La difesa dell’Unione europea: l’esercito che piace (solo ora)

Non basta. Come dimostra nella maniera più evidente l’attuale guerra in Ucraina, oggi, per essere operativo un esercito deve disporre di quattro requisiti essenziali: di un sistema globale di osservazione satellitare, di complessi apparati elettronici di spionaggio e intercettazione, di un sistema efficiente di comunicazioni tra tutte le sue unità sul campo e tra queste e il centro, e infine di un’intelligence capace a tutti i livelli. Ora, specialmente per quel che riguarda il primo di questi requisiti (ma anche per gli altri credo che il discorso non sia troppo diverso) mi sembra molto difficile — se non in tempi medio-lunghi — che un esercito europeo possa offrire garanzie adeguate. Organizzare un sistema di osservazione satellitare efficace, indipendente da quello di cui dispongono gli Stati Uniti, è un’impresa che richiederebbe certamente investimenti e tempi non proprio irrilevanti: anche in questo caso anni. Da qui a quella data che cosa farebbe l’Europa? Manderebbe a combattere un esercito virtualmente cieco?

C’è peraltro una questione ancora più importante di tutte quelle enumerate finora, e cioè: chi è che decide circa l’impiego di un esercito europeo, vale a dire di fatto circa una dichiarazione di guerra e la discesa in campo dell’Ue? La Commissione di Bruxelles non ne ha certo i poteri; allora il Consiglio dei capi di governo? E come?

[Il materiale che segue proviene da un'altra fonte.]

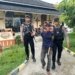 Pelaku pencurian di toko Eiger Lhokseumawe ditangkap polisi. (Foto: Alibi/Dok. Polres Lhokseumawe)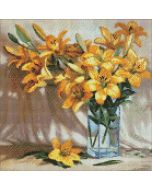 Diamentowa mozaika - Dotyk słońca 40x40cm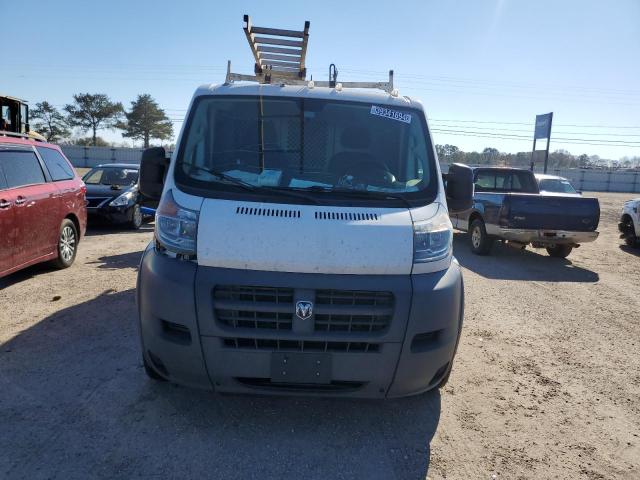 3C6TRVAG9JE107530 - 2018 RAM PROMASTER 1500 STANDARD WHITE photo 5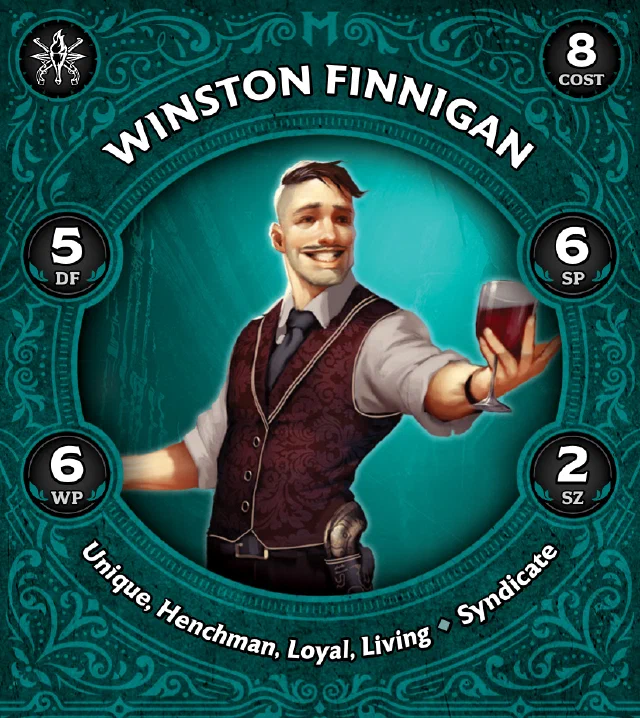 Winston Finnigan front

Stando ai trattati attuali, che peraltro non prevedono certo una simile eventualità, dovrebbe trattarsi di una decisione necessariamente all’unanimità: ma è mai immaginabile che su una decisione così drammatica sia possibile mettere d’accordo il Portogallo, Cipro e la Lituania? Insomma: chi decide? Come? E ancora: che cosa ne sarebbe ai fini di un’eventuale dichiarazione di guerra o comunque di un intervento militare, dei vari articoli della Costituzione della Repubblica italiana e di tutte le altre Costituzioni delle democrazie membri della Unione europea le quali più o meno riservano tutte ai parlamenti o ai governi nazionali il diritto di dichiarare la guerra e di disporre delle forze armate?

È fin troppo ovvio, insomma, che senza una profonda e Dio sa quanto ardua riforma dell’Unione europea, senza una riforma che trasformi l’Unione attuale in un autonomo soggetto politico di tipo statale con propri organi di governo legittimati a decidere anche della pace e della guerra, senza di ciò parlare oggi di esercito europeo in alternativa alla Nato è un esercizio puramente velleitario. È un parlare d’altro per evitare di compromettersi con un giudizio sulle cose che sole oggi veramente contano: l’indipendenza dell’Ucraina, la sconfitta dell’aggressione russa.